What to do ▸ Exclude the images, then return every line below exactly as written.

Given information ▸

★ ★ ★

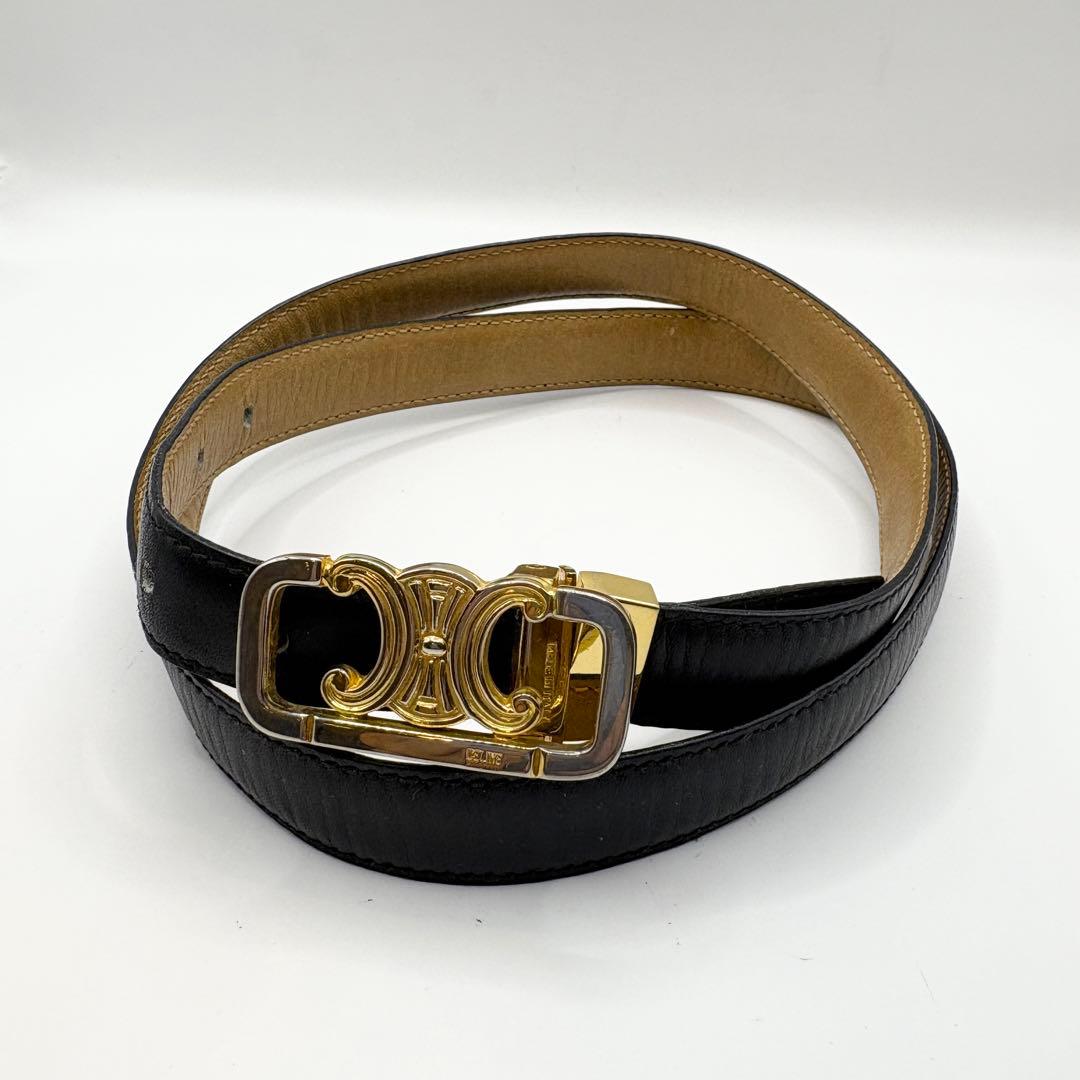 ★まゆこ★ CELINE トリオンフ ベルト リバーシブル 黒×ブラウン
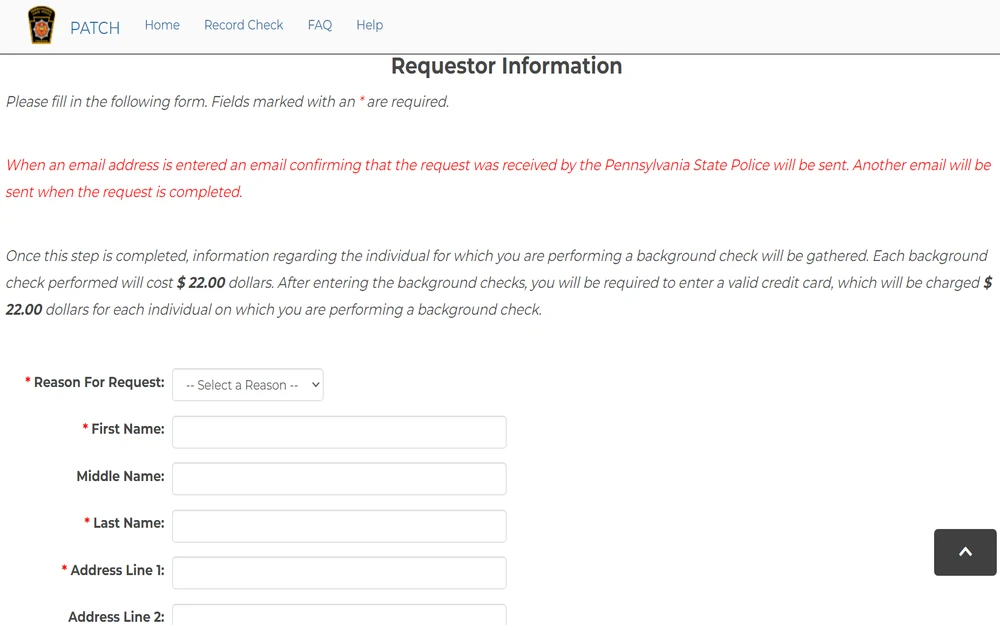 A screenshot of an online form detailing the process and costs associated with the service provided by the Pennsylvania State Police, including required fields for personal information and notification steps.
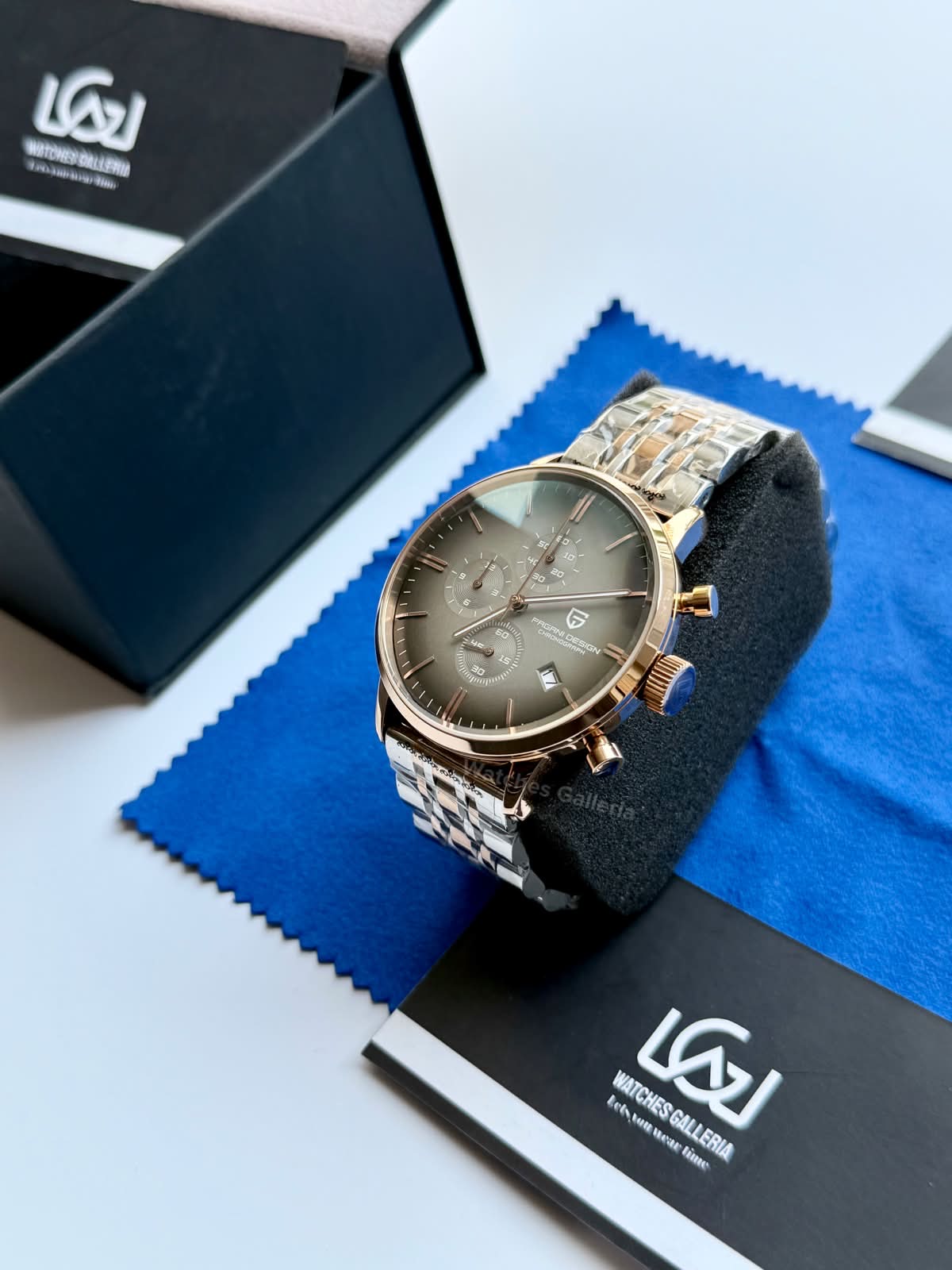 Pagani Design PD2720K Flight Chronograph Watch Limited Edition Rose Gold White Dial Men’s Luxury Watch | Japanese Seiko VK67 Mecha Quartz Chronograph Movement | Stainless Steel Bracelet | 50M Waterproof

★ ★ ★

Exercise response ▸
 ★まゆこ★ CELINE トリオンフ ベルト リバーシブル 黒×ブラウン
 A screenshot of an online form detailing the process and costs associated with the service provided by the Pennsylvania State Police, including required fields for personal information and notification steps.
 Pagani Design PD2720K Flight Chronograph Watch Limited Edition Rose Gold White Dial Men’s Luxury Watch | Japanese Seiko VK67 Mecha Quartz Chronograph Movement | Stainless Steel Bracelet | 50M Waterproof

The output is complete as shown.